* GOAL OF THE EXERCISE: The copy you return must match the listing word for word and carry no pictures.

* DATA SEGMENT:
******
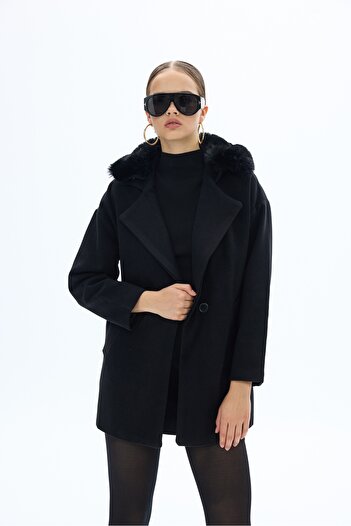 SevdeUgur Women's Black Fur Oversize Short Cashmere Coat / Sevde Ugur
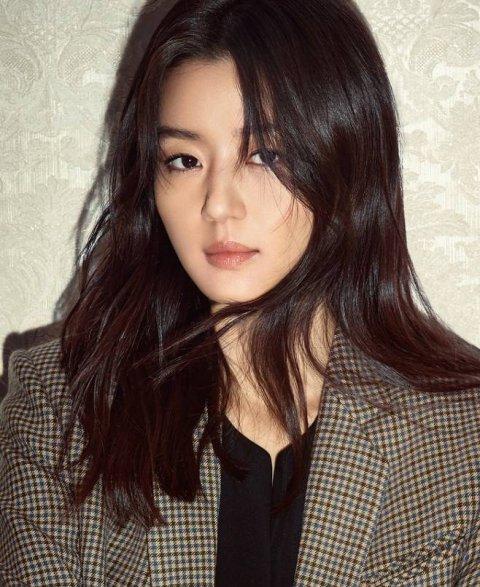 배우 전지현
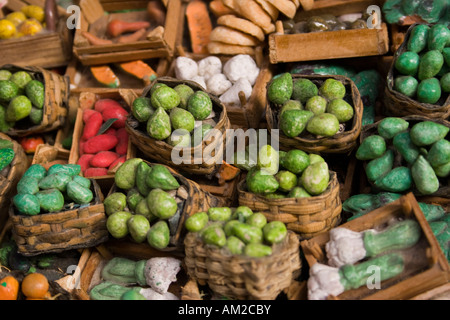 Paniers de légumes miniatures à utiliser dans les configurations du modèle. Banque D'Images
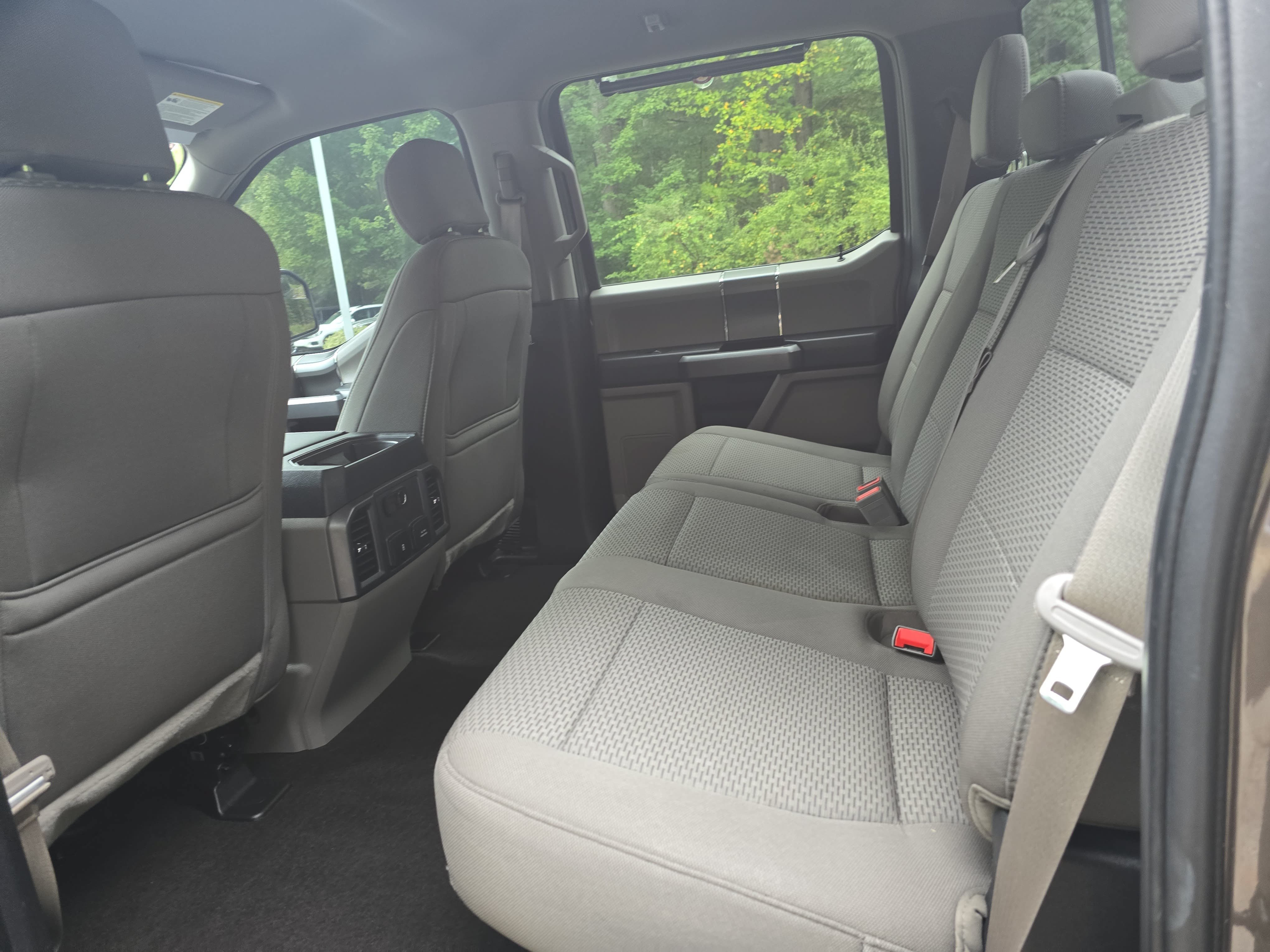 Used 2019 Ford F150 XLT w/ Equipment Group 302A Luxury AWD/4WD image 13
******
* PROBLEM SOLUTION:
 SevdeUgur Women's Black Fur Oversize Short Cashmere Coat / Sevde Ugur
 배우 전지현
 Paniers de légumes miniatures à utiliser dans les configurations du modèle. Banque D'Images
 Used 2019 Ford F150 XLT w/ Equipment Group 302A Luxury AWD/4WD image 13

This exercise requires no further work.